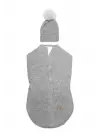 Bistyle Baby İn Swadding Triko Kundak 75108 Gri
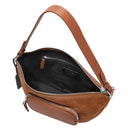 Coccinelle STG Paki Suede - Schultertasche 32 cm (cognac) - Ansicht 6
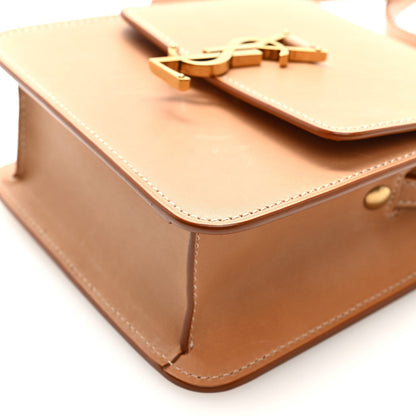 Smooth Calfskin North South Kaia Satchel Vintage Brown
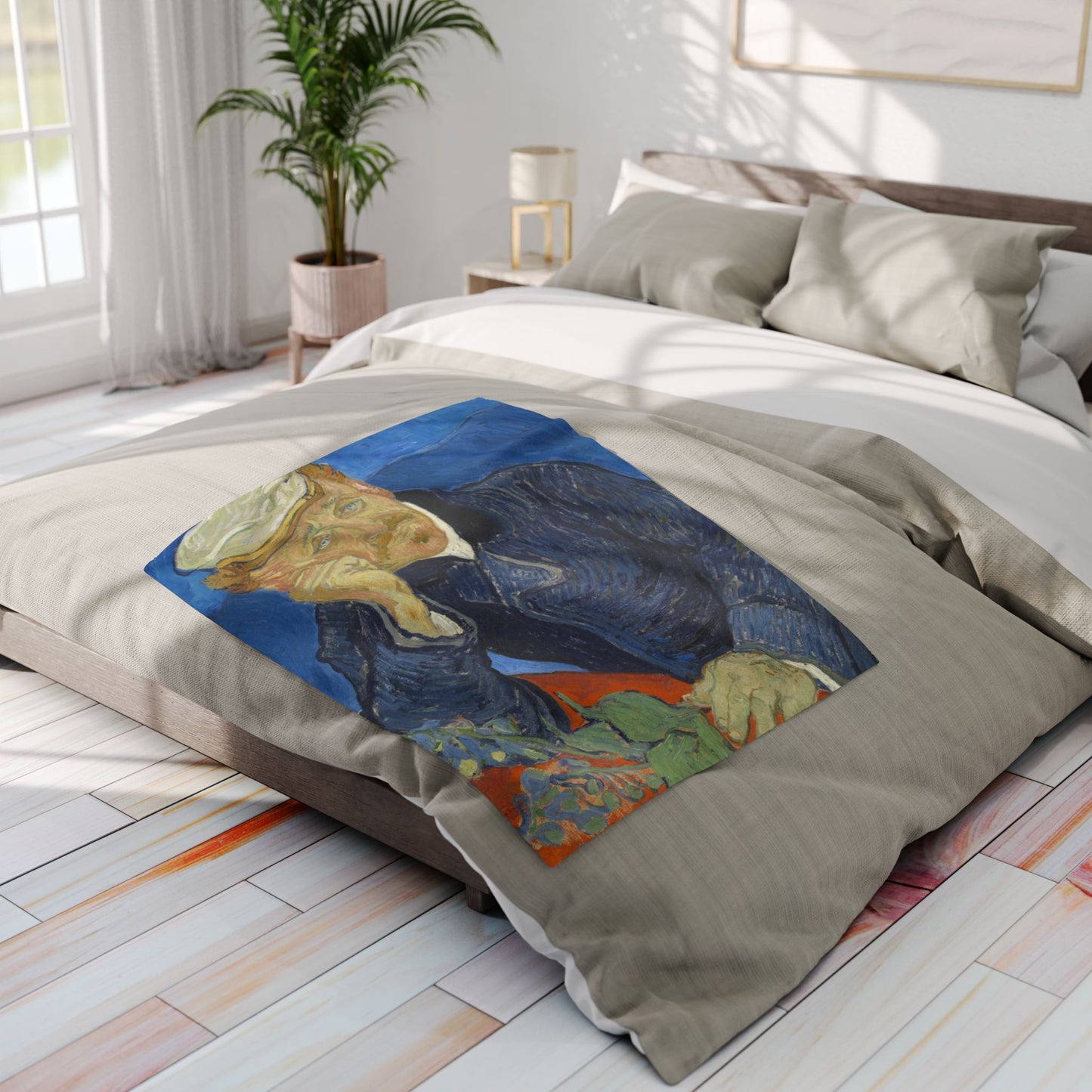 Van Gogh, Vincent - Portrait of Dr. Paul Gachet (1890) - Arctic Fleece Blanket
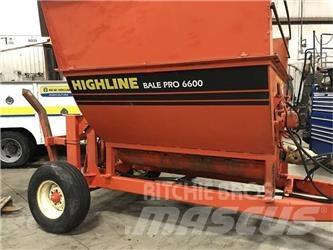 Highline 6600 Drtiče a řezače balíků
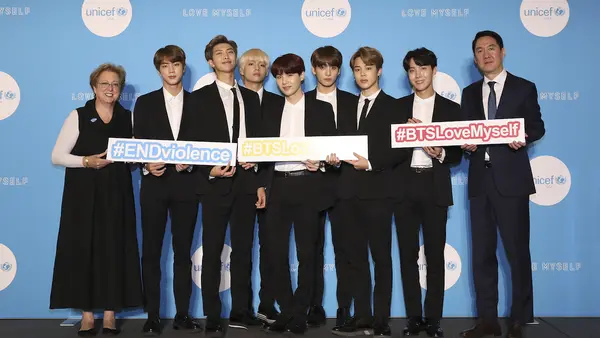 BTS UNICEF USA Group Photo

_ _ _ _ _ _ _

> [Work instructions]
Transcribe, please, the lines from the one holding "Van Gogh, Vincent" to the final line of the material, both included, exactly and with no extra lines, and skip the pictures.

> [Answer to this exercise]
 Van Gogh, Vincent - Portrait of Dr. Paul Gachet (1890) - Arctic Fleece Blanket
 Highline 6600 Drtiče a řezače balíků
 BTS UNICEF USA Group Photo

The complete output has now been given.